_WORK ITEM:_ What the task needs is the data below, written out verbatim.

_DATA EXTRACT:_

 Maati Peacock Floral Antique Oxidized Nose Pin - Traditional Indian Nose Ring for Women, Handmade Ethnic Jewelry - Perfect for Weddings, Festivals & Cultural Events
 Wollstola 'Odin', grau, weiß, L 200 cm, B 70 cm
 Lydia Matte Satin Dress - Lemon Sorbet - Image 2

_RESULT OF THE EXERCISE:_
 Maati Peacock Floral Antique Oxidized Nose Pin - Traditional Indian Nose Ring for Women, Handmade Ethnic Jewelry - Perfect for Weddings, Festivals & Cultural Events
 Wollstola 'Odin', grau, weiß, L 200 cm, B 70 cm
 Lydia Matte Satin Dress - Lemon Sorbet - Image 2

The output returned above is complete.